## LISTED RECORDS
■ ■ ■
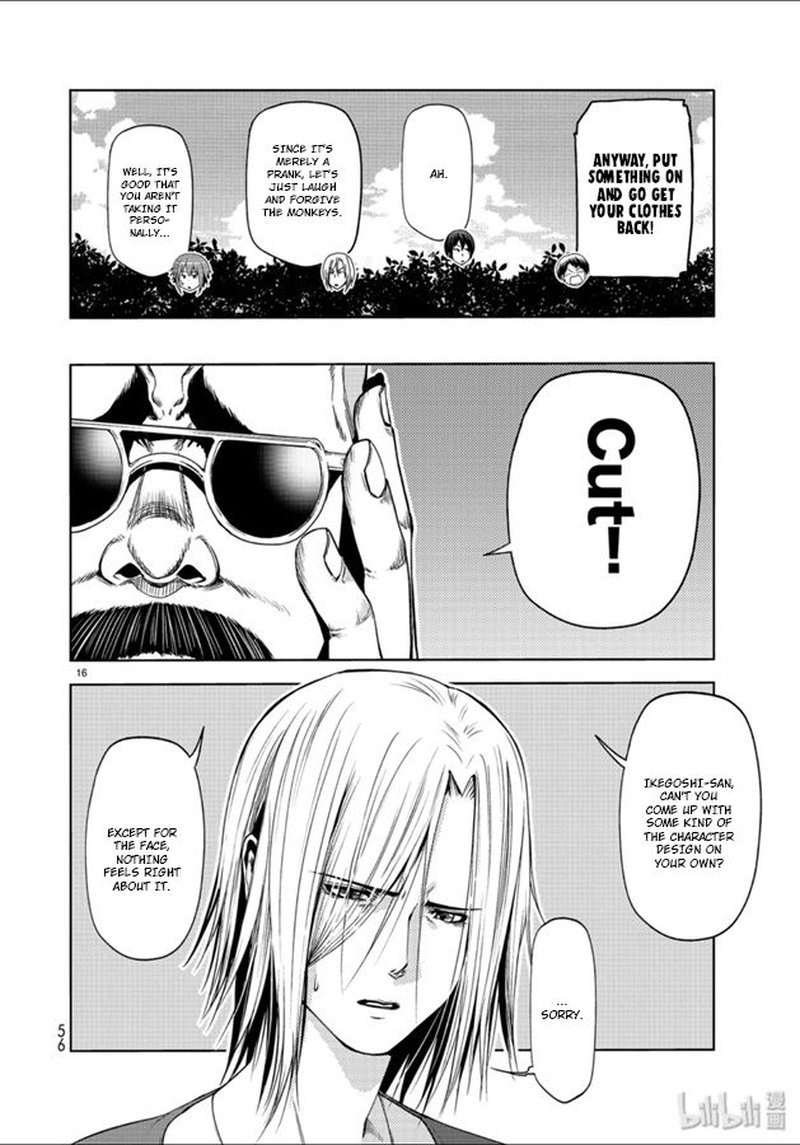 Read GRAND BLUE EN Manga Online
■ ■ ■
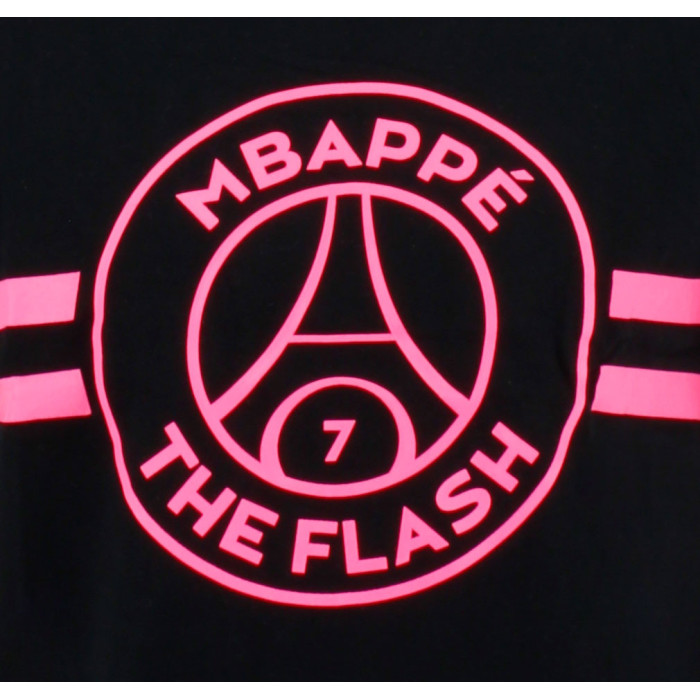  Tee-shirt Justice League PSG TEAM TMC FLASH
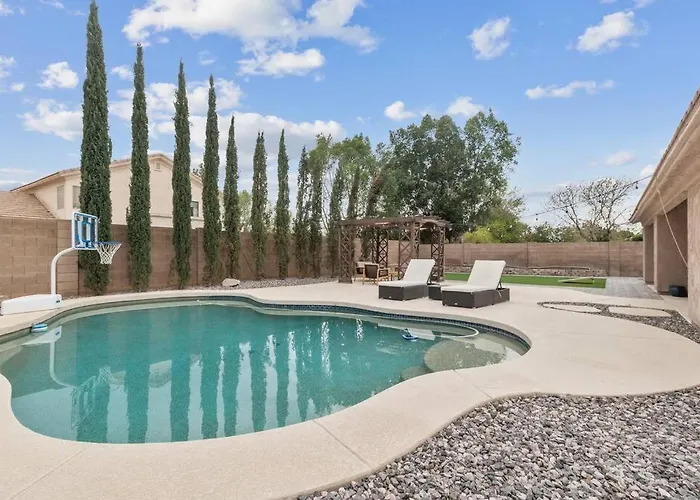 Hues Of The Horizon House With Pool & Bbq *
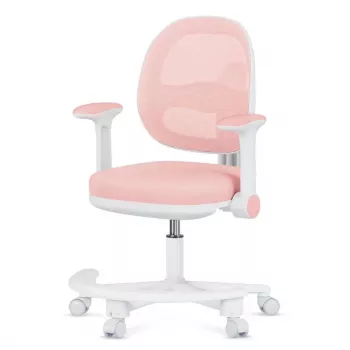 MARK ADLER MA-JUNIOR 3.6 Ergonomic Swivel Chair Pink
■ ■ ■
## TASK
Your output should be the lines above from the one that contains "Hues Of The Horizon House With Pool & Bbq *" through the one that contains "MARK ADLER MA-JUNIOR", word for word, with pictures left out.

## OUTPUT FOR THIS TASK
 Hues Of The Horizon House With Pool & Bbq *
 MARK ADLER MA-JUNIOR 3.6 Ergonomic Swivel Chair Pink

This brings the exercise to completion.